Turning (Teshuvah, Hebrew for Repentance)

 
 

Reaching the end of his field, the farmer turns his machinery to return it to its task. One may contemplate this farm life painting for nothing else but its color, its composition, and their relation to its subject.

But the Hebrew metaphor for repentance, “teshuvah” means to complete a cycle, to “return,” and by analogy to turn from one’s wrong direction and go back, return to our Father, to a righteous life. In scripture, moral teaching is couched not in the definitions of philosophers but in stories and metaphors drawn from the real lives of everyday people: farmers, herdsmen, and artisans. The observation of daily events and ordinary acts to teach profound lessons develops out of Biblical tradition.

“…love the Lord your God and … serve Him… I will give the rain of your land in its season, the former rain and the latter rain, that thou mayest gather in thy corn, and thy wine, and thine oil. And I will give grass in thy fields for thy cattle, and thou shalt eat and be satisfied.”

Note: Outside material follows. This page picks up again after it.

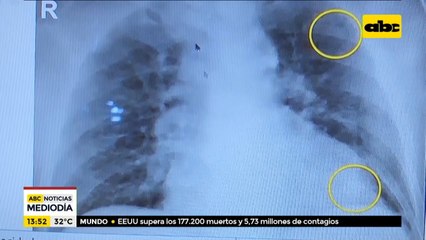 ¿Cómo avanza el coronavirus en los pulmones?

Like the high priest ministering the offerings, the herdsman and farmer carry out their rituals in tandem to cosmic time, the cycle of the seasons observable through the changes of sun and moon and the migration of birds. Their labor is part of a cosmic drama between Earth and heaven with man in between as G-d’s anointed steward.

In a tradition that observes the ordinary, an act of farming routine, the mere turning of a great machine can become a messenger of the innate holiness possible in daily tasks.